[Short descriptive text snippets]
- - -

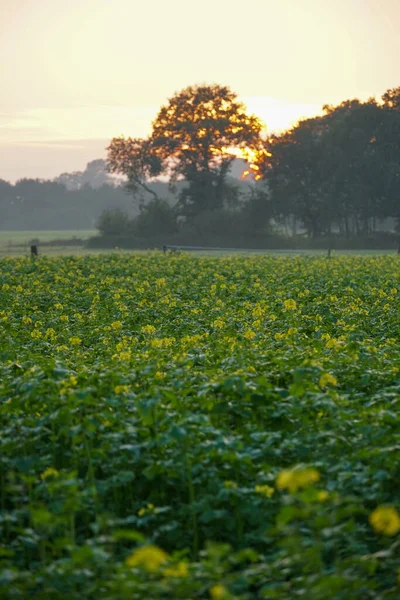 Vertical Shot Field Flowers Trees Sunset — Fotografia de Stock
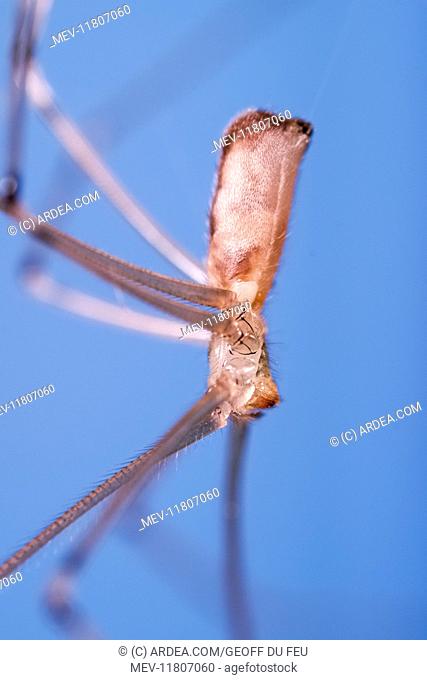 Daddy Long-legs Spider, Norfolk UK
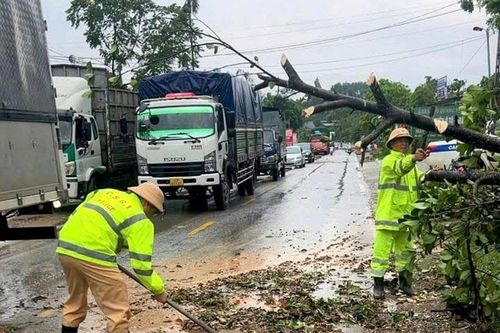 Mưa lớn kèm gió lốc tốc mái nhiều nhà dân ở Tuyên Quang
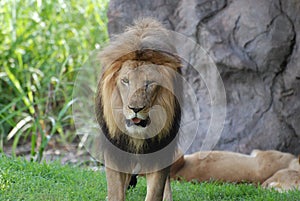 Large Male Lion with Black Fur in His Mane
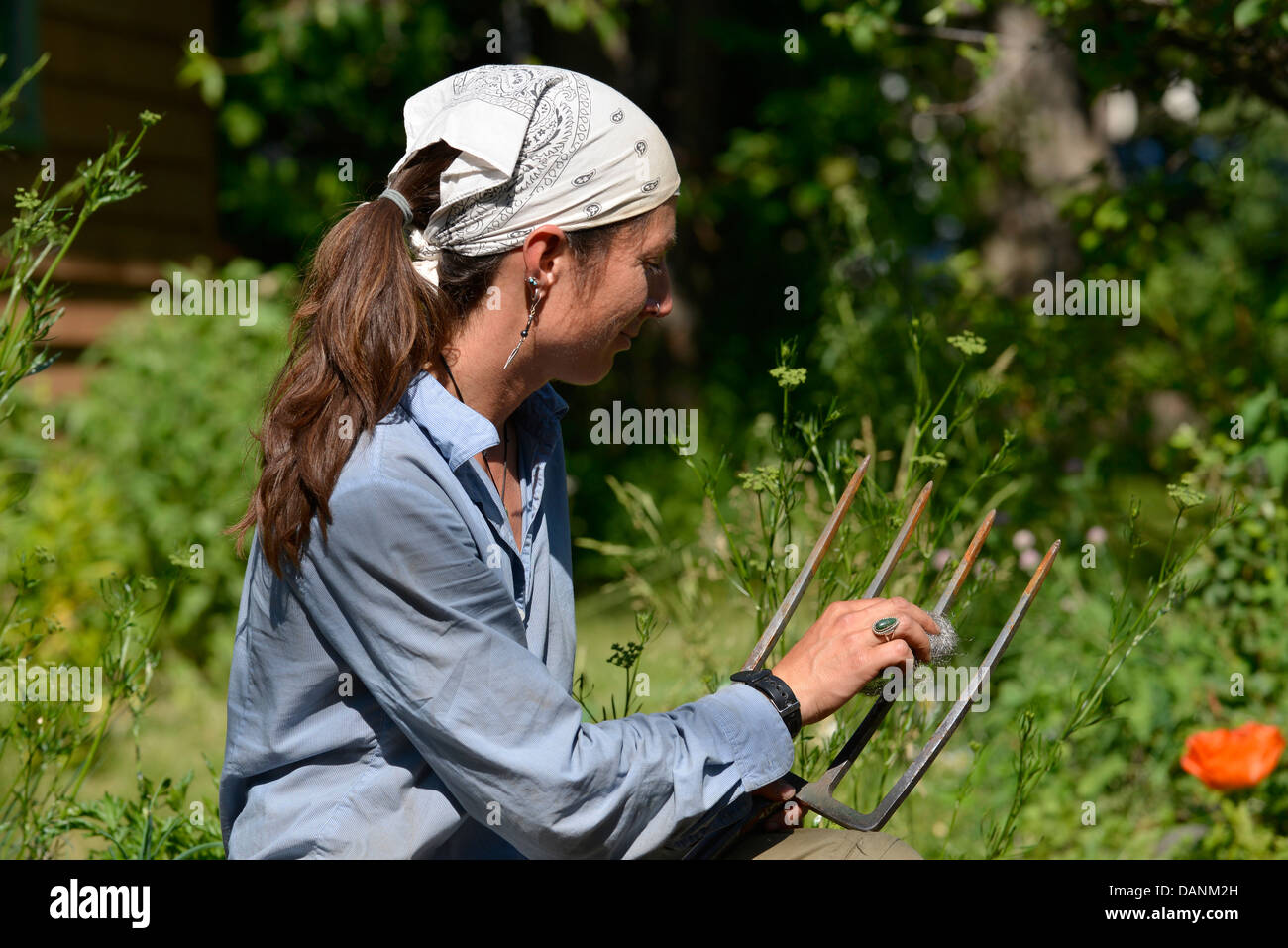 Gardener using steel wool to clean rust of a garden tool in Oregon's Wallowa Valley. Stock Photo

- - -

Exercise requirements: Return the entries above exactly as they appear. Pictures should not be copied.

Result of the exercise:
 Vertical Shot Field Flowers Trees Sunset — Fotografia de Stock
 Daddy Long-legs Spider, Norfolk UK
 Mưa lớn kèm gió lốc tốc mái nhiều nhà dân ở Tuyên Quang
 Large Male Lion with Black Fur in His Mane
 Gardener using steel wool to clean rust of a garden tool in Oregon's Wallowa Valley. Stock Photo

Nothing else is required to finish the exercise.